Task directions -> From the data below, return only the lines from the one with "Bracelet Bracelet ancien" through the one with "Sale KOMPASS WANDERKARTE", exact and inclusive, with pictures left out.
Material to process: Begin
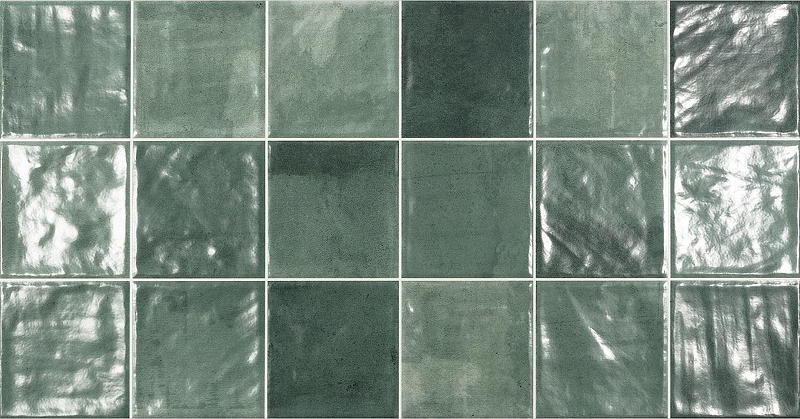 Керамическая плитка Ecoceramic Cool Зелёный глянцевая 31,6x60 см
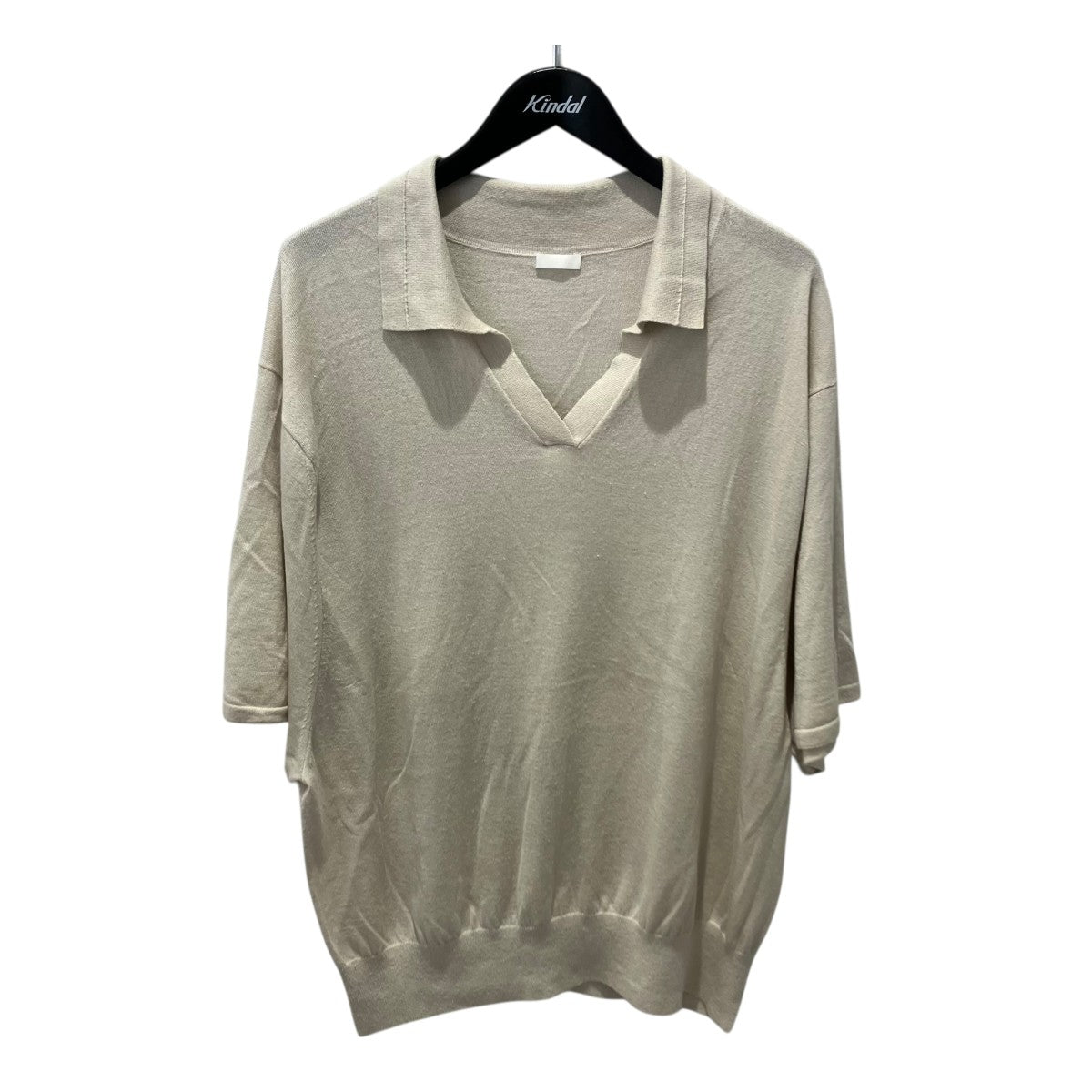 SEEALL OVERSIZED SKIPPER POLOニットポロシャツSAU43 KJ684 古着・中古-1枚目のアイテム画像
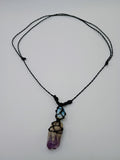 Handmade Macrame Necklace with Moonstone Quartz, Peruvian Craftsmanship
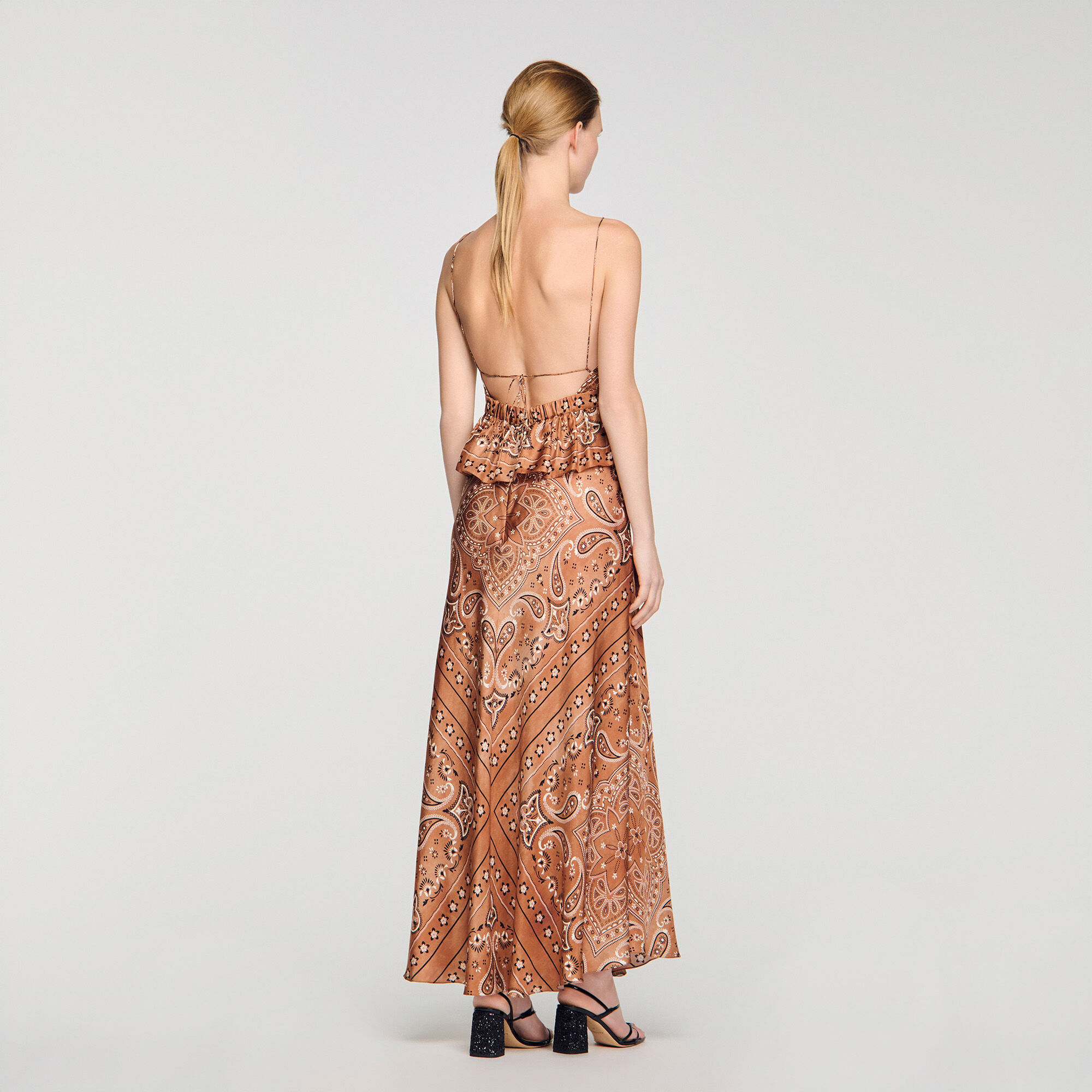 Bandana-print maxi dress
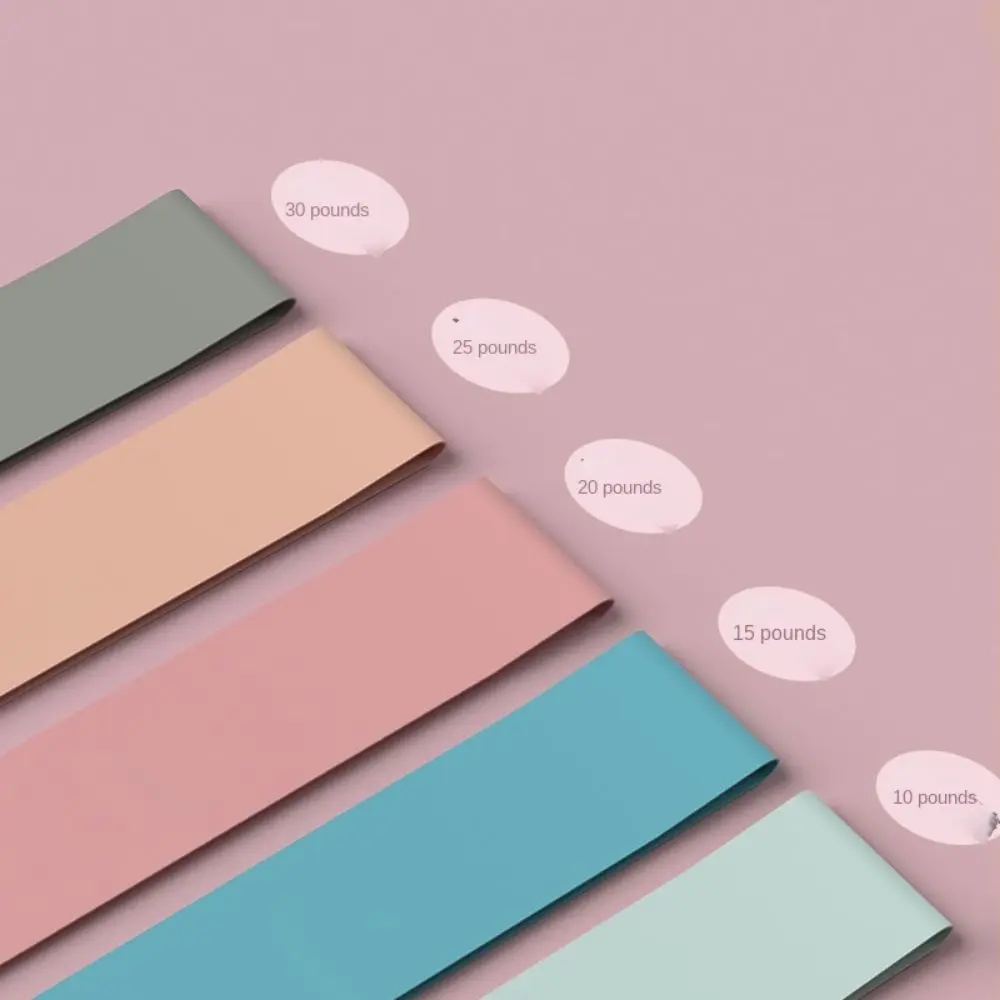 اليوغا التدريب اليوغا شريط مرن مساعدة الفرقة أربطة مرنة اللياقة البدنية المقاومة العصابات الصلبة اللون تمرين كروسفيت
Material to process: End
Material to process: Begin
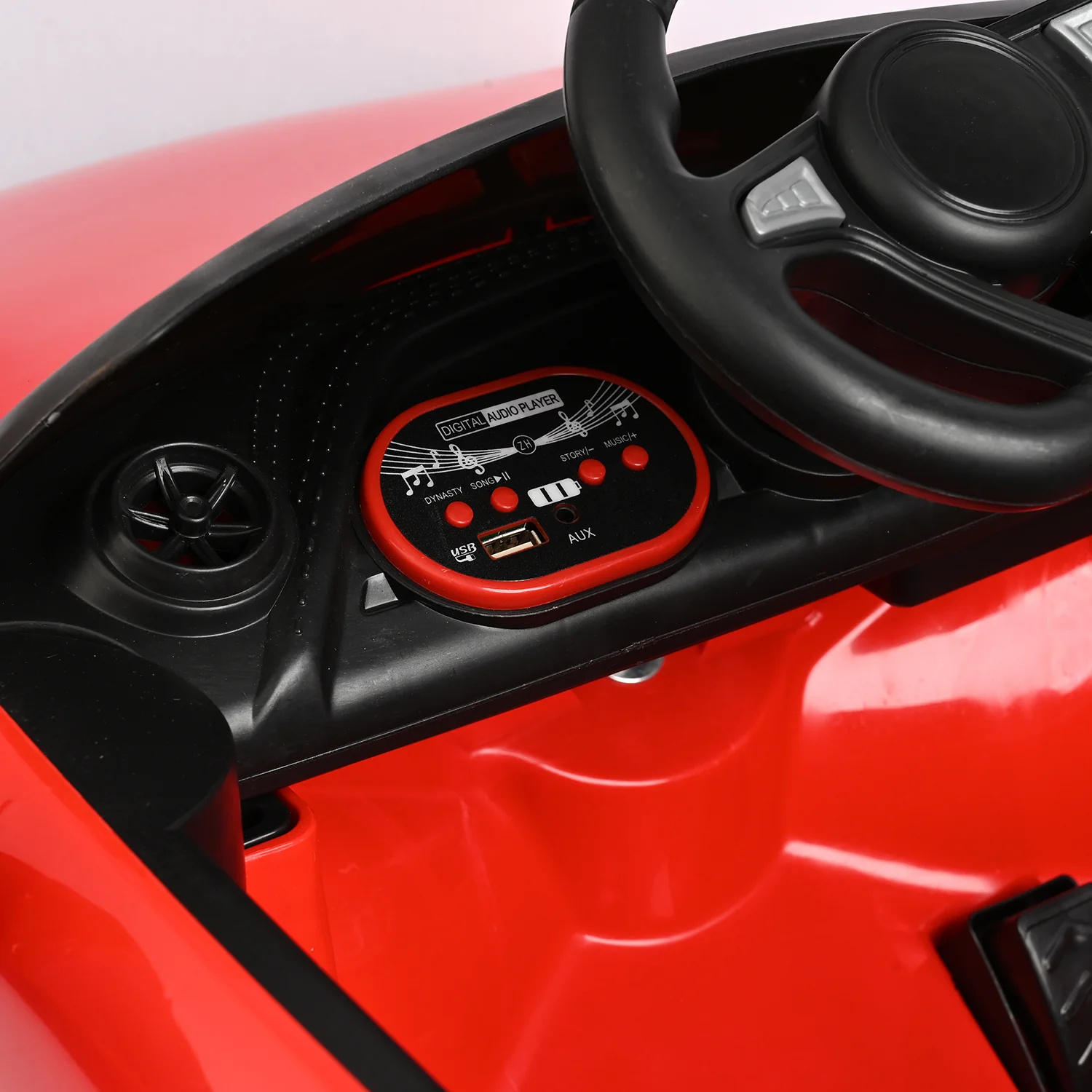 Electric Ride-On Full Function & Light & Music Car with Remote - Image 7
Material to process: End
Material to process: Begin
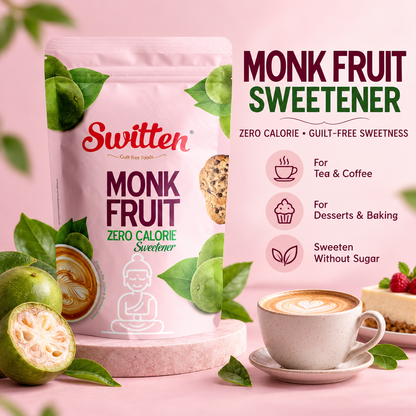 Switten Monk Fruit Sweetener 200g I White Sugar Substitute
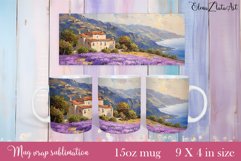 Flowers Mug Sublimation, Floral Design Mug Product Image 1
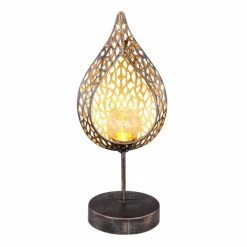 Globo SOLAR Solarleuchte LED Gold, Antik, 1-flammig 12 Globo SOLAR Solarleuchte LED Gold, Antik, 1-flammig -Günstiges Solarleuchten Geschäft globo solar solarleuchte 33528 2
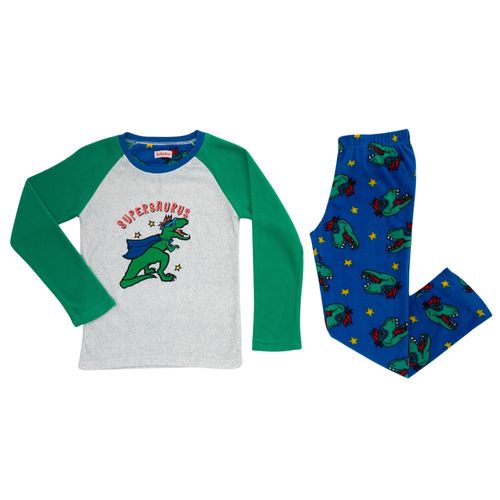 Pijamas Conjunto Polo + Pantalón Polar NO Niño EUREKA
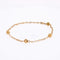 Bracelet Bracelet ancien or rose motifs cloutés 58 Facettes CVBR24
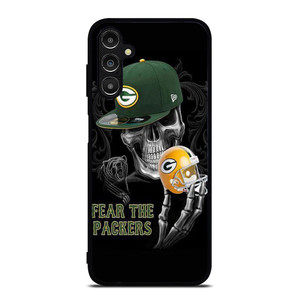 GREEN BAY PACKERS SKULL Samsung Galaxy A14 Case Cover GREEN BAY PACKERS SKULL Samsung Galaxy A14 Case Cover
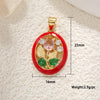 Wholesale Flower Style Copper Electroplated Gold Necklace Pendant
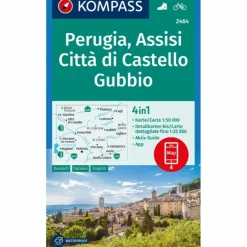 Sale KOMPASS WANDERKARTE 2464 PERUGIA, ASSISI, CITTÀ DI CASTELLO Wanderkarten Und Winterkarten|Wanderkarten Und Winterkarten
Material to process: End
Written answer ->
 Bracelet Bracelet ancien or rose motifs cloutés 58 Facettes CVBR24
 GREEN BAY PACKERS SKULL Samsung Galaxy A14 Case Cover GREEN BAY PACKERS SKULL Samsung Galaxy A14 Case Cover
 Wholesale Flower Style Copper Electroplated Gold Necklace Pendant
 Sale KOMPASS WANDERKARTE 2464 PERUGIA, ASSISI, CITTÀ DI CASTELLO Wanderkarten Und Winterkarten|Wanderkarten Und Winterkarten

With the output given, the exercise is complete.